As long as direct democracy was impracticable within the confines of the modern territorial state, the claim that representative institutions constituted the truest form of self-government was just about plausible. But now, in the early twenty-first century, the claim about direct democracy being impossible at the national level and beyond is no longer credible. As the constraints of time and space have eroded, the ubiquitous assumption that we live in a democracy seems very far from reality. The American people may not all fit into Madison Square Garden, but they can assemble on virtual platforms and legislate remotely, if that is what they want. Yet almost no one desires to be that actively political, or to replace representation with more direct political responsibility. Asked to inform themselves about the important political issues of the day, most citizens politely decline. If forced to hold an informed opinion on every law and regulation, many would gladly mount the barricades to defend their right not to rule themselves in such a burdensome manner. The challenge posed by information technology lies not in the possibility that we might adopt more direct forms of democracy but in the disquieting recognition that we no longer dream of ruling ourselves.
In short, democracy understood as self-government is now once again possible in the technical age. Such techno-democratic possibility is not, however, leading to more democracy. Thus, Meaney and Mounk conclude, technology allows us to see through the illusions of democracy as hypocritical and hollow.
The very word “democracy” indicts the political reality of most modern states. It takes a considerable degree of delusion to believe that any modern government has been “by” the people in anything but the most incidental way. In the digital age, the claim that the political participation of the people in decision-making makes democracy a legitimate form of government is only that much hollower. Its sole lingering claim to legitimacy—that it allows the people the regular chance to remove leaders who displease them—is distinctly less inspiring. Democracy was once a comforting fiction. Has it become an uninhabitable one?
Such arguments by “unmasking” are attractive and popular today. They work, as Peter Baehr argued recently in a talk at the Arendt Center, through the logic of exposure, by accusing “a person, argument or way of life of being fundamentally defective.” It may be that there are populist democratic revolts happening in Turkey and Thailand, revolts that are unsettling to elites. Similarly, the democratic energies of the Tea Party and Occupy Wall Street are seen by many as evidence of the crisis of democracy. Democracy, it is said, is defective, based on a deception and buttressed by illusion. But it hardly does a service to truth to see democratic ferment as proof of the end of democracy.

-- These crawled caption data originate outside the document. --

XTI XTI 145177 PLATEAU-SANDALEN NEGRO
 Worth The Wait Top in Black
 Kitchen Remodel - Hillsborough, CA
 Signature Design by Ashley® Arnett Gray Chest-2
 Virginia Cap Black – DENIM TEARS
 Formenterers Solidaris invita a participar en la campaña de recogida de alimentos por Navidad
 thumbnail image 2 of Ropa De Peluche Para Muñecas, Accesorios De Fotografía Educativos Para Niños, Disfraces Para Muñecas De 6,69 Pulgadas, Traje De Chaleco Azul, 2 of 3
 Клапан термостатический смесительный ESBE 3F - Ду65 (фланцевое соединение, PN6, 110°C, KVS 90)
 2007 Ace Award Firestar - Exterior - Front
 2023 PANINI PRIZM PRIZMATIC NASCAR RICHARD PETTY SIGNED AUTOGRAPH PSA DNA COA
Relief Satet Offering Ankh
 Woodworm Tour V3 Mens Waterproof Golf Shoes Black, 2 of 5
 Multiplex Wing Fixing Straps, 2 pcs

Meaney and Mounck argue that there are three main reasons that have brought democracy to the brink of crisis. First, the interrelation of democracies within a global financial world means that democratic leaders are increasingly beholden to banks and financiers than to their citizens.
[W]ith world trade more pervasive, and with the domestic economies of even the most affluent nations deeply dependent on foreign investments, the ideological predilections of a few governments have become the preoccupation of all. There is a reason why all mainstream politicians now make decisions based on variables such as the risk of capital flight and the reactions of bond rating agencies, rather than on traditional calculations about the will of their electorates. As the German economist Wolfgang Streeck has argued, this shift in political calculus occurred because the most significant constituency of democracies is no longer voters but the creditors of public debt.
Second, democracies have come to be associated not just with self-government, but with good government leading to peace and plenty. But this is a fallacy. There is no reason that democracies will be better governed than autocracies or that economic growth in democracies will outperform that of autocracies. This creates an “expectations gap” in which people demand of democracies a level of success they cannot deliver.
Third, democracy has largely been sold around the world as “synonymous with modernization, economic uplift and individual self-realization.” Democratic politicians, often an elite, wrapped their power in largesse and growth that papered over important religious and moral differences. Today populism in Thailand, Egypt, and Turkey clashes with the clientism of democratic rulers and threatens the quasi-democratic alliance of the elites and the masses.
Meaney and Mounk are no doubt correct in perceiving challenges to democracy today. And they are right that democratic citizens consistently prefer technocratic competence over democratic dissent and debate. As they write,
…we live in highly bureaucratic states that require ever-increasing degrees of technical competence. We expect our governments to do more and to do it better. The more our expectations are addressed, the more bureaucratic and opaque government becomes and the less democratic control is possible.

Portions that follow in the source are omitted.